> [About this task] Please restate every line below exactly, without any pictures.

> [Input]

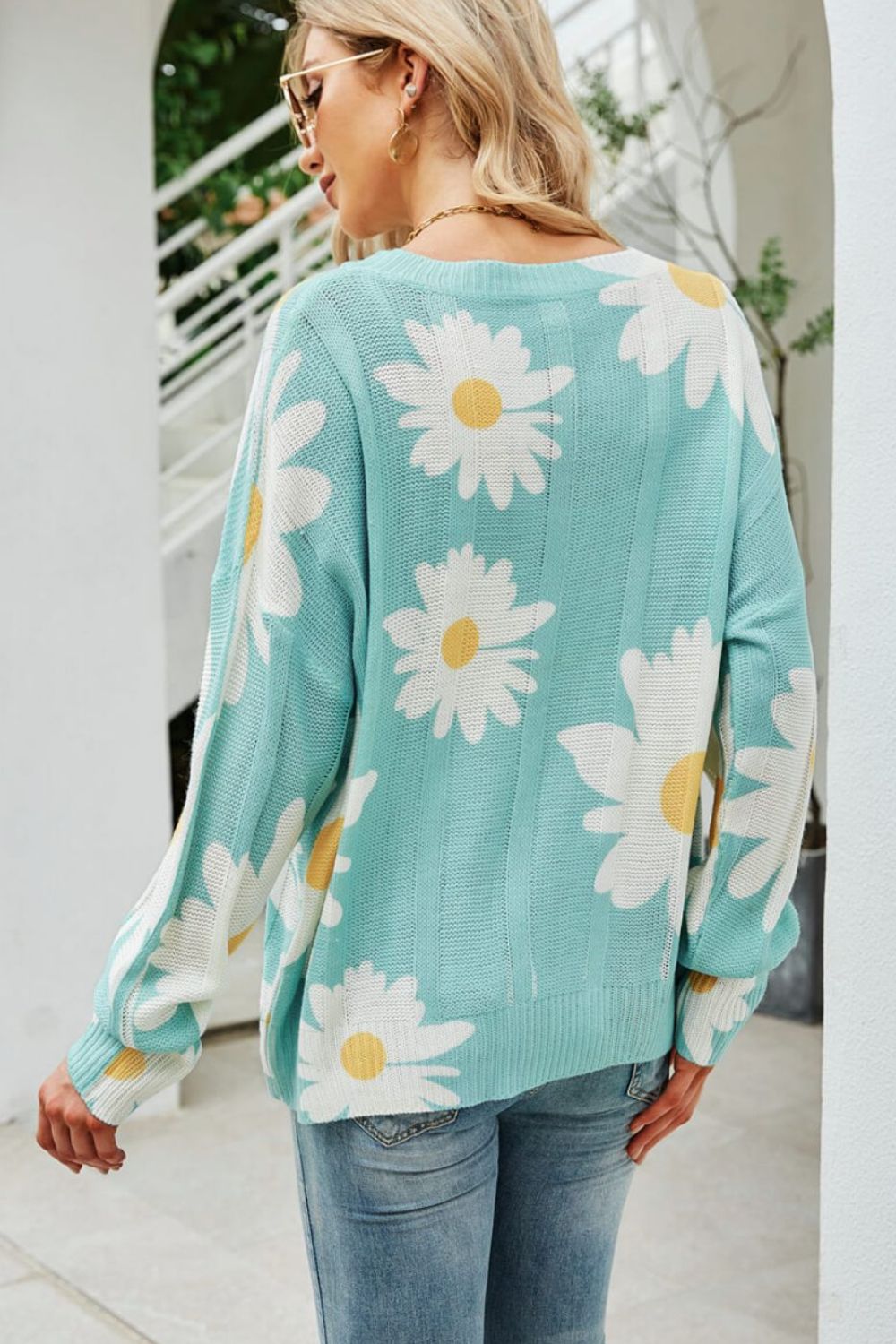 Angel Wings Daisy Print Openwork Round Neck Sweater - -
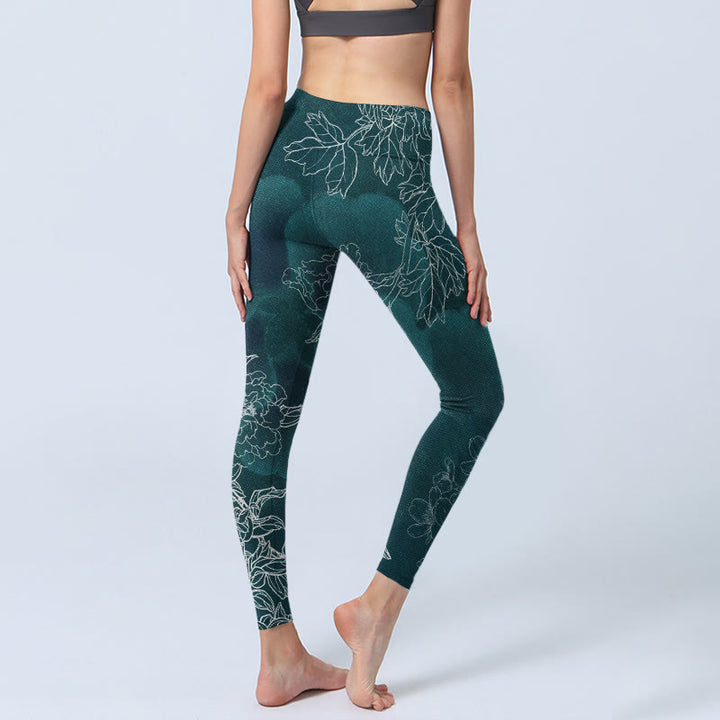 Buddha Stones Peony Flower Magpie Butterfly Print Gym Fitness Leggings Women's Yoga Pants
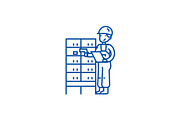 Warehouse,delivery man line icon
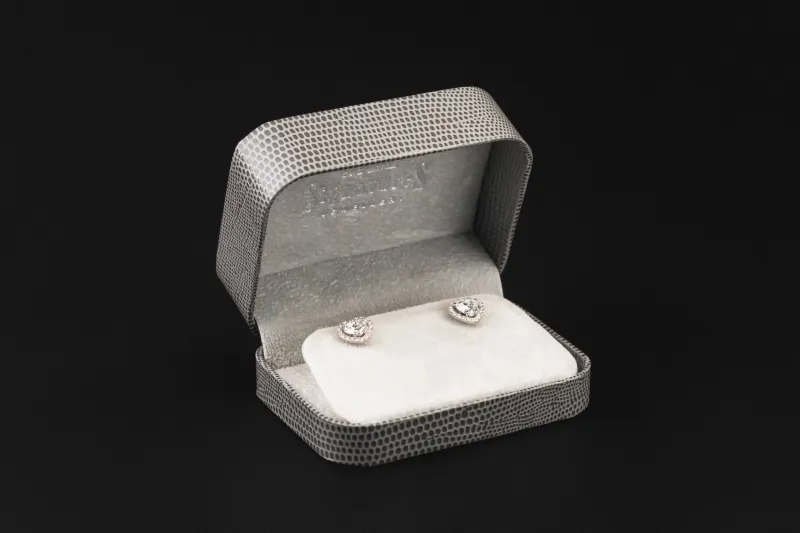 David Morris 18ct White Gold Heart Shape Halo Stud Earrings 1.41ct GIA Certified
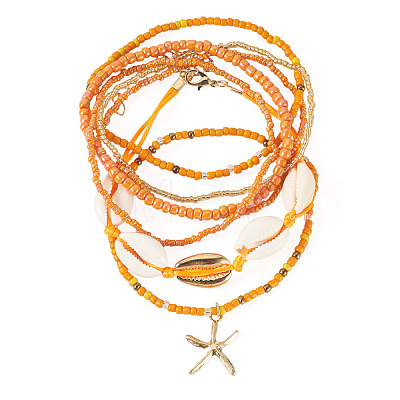 2 Bags Summer Beach Glass Seed Beaded & Natural Shell & Alloy Starfish Charm Anklet Sets AJEW-TA0003-69C-1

> [Output of the exercise]
 Angel Wings Daisy Print Openwork Round Neck Sweater - -
 Buddha Stones Peony Flower Magpie Butterfly Print Gym Fitness Leggings Women's Yoga Pants
 Warehouse,delivery man line icon
 David Morris 18ct White Gold Heart Shape Halo Stud Earrings 1.41ct GIA Certified
 2 Bags Summer Beach Glass Seed Beaded & Natural Shell & Alloy Starfish Charm Anklet Sets AJEW-TA0003-69C-1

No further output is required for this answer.